Baylisascaris procyonis are large intestinal roundworms, range from 9 to 22 cm in length, endemic in the North American raccoon (Procyon lotor) population. Infected adult raccoons shed an average of 20,000 to 26,000 eggs per gram of feces. As a result the host can shed millions of eggs per day into the environment and will have infective potential after 2 to 4 weeks in the environment. Raccoons become infected in two different pathways. Juvenile raccoons ingest B. procyonis eggs, the larvae hatch within the wall of the small intestine and subsequently mature into adult worms within the lumen of small intestines within approximately 63 days. Similarly, paratenic hosts (small birds, rodents, rabbits) become infected by ingesting eggs. Hatched larvae in the intermediate host subsequently migrate through the portal and systemic circulation to other organs, including the CNS, forming larvae encapsulated eosinophilic granulomas within tissue. Paratenic hosts can develop significant disease from larval migration, making them easier prey for adult raccoons. Adult raccoons will ingest L3 encysted tissue of the infected paratenic hosts. After consumption of the cysts, the worms will mature into adult worms in small intestines within a mean of 35 days. Unlike in intermediate hosts, B. procyonis typically does not cause disease in the carnivorous definitive host unless a young raccoon ingests a heavy inoculum. Other carnivores, including domestic dogs and the exotic pet kinkajou, can serve as definitive hosts and are risk factors for further spread of disease to accidental hosts including humans.
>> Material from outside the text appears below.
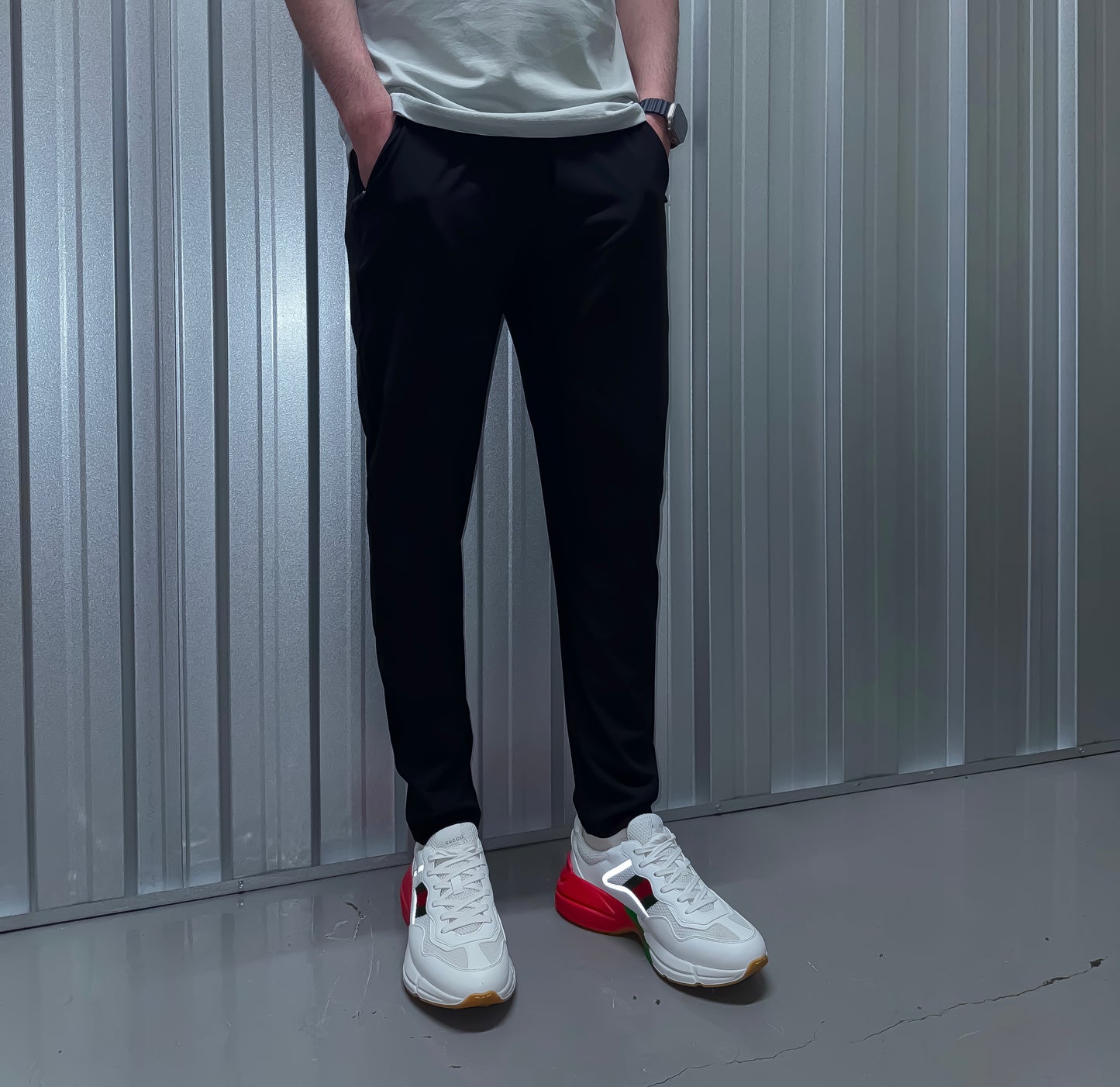 Piquant Bottoms - Black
The risk of baylisascariasis in humans has increased as the raccoon habitat has become closer in proximity to human populations. Raccoons defecate in communal latrines that are often established near residential homes. B. procyonis eggs are particularly resistant to adverse environmental conditions, and ingestion of only a few eggs, typically less than 5000, is sufficient to cause infection in humans. Young children are at particularly high risk due to their propensity for geophagia. The median age of baylisascariasis in humans is approximately 1 year of age. The incubation period is unknown in humans; however, it is believed that if the inoculum is large enough neural larva migrans can present within 2 to 4 weeks after ingestion of the eggs. B. procyonis are not specifically neurotropic, but due to significant extraintestinal migration, travel to the CNS can occur. Approximately 5% to 7% of larvae migrate to the CNS, penetrating cerebral blood vessels and causing neural larva migrans, at which time the larvae can continue to migrate and grow in the tissue. Because of the significant inoculum of eggs ingested and the relatively smaller brain size to parasite size, baylisascariasis neural larva migrans is particularly devastating in infants and young children.